──────── DATA TO PROCESS ────────
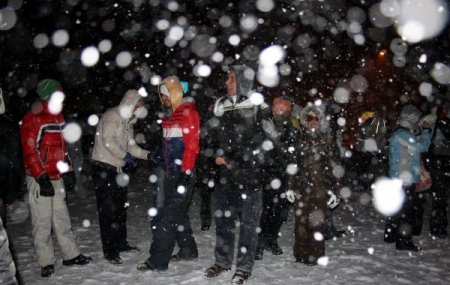 Arınç ve tatilcilerin Uludağ'da zor anları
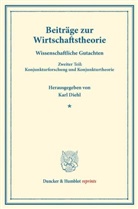 Kar Diehl, Karl Diehl - Beiträge zur Wirtschaftstheorie.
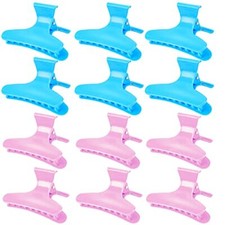 12 Pack Butterfly Hair Clamps Clips Hair Claw Clips Salon Pro 6 Pink 6 Blue
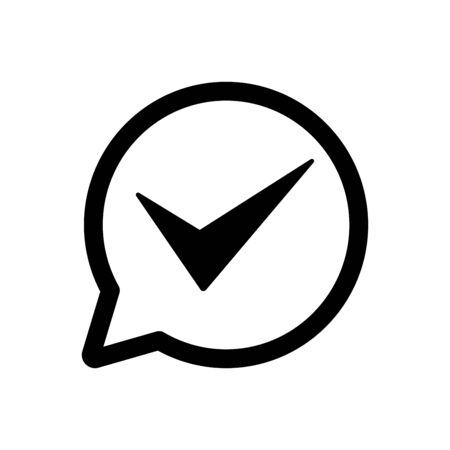 Bubble speech icon flat vector template design trendyのイラスト素材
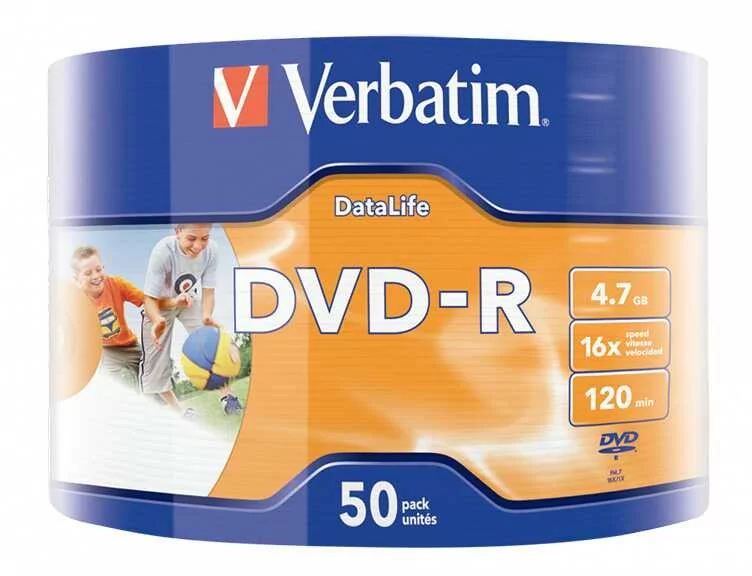 Verbatim DVD-R 4.7GB x16 cakebox 50szt Inkjet Printable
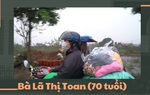 Bà lão quyên góp hàng chục tấn quần áo tặng người dân vùng cao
────────
The lines from the one holding "12 Pack Butterfly" to the final line of the entries are to be duplicated exactly, and the pictures are to be left out.

 12 Pack Butterfly Hair Clamps Clips Hair Claw Clips Salon Pro 6 Pink 6 Blue
 Bubble speech icon flat vector template design trendyのイラスト素材
 Verbatim DVD-R 4.7GB x16 cakebox 50szt Inkjet Printable
 Bà lão quyên góp hàng chục tấn quần áo tặng người dân vùng cao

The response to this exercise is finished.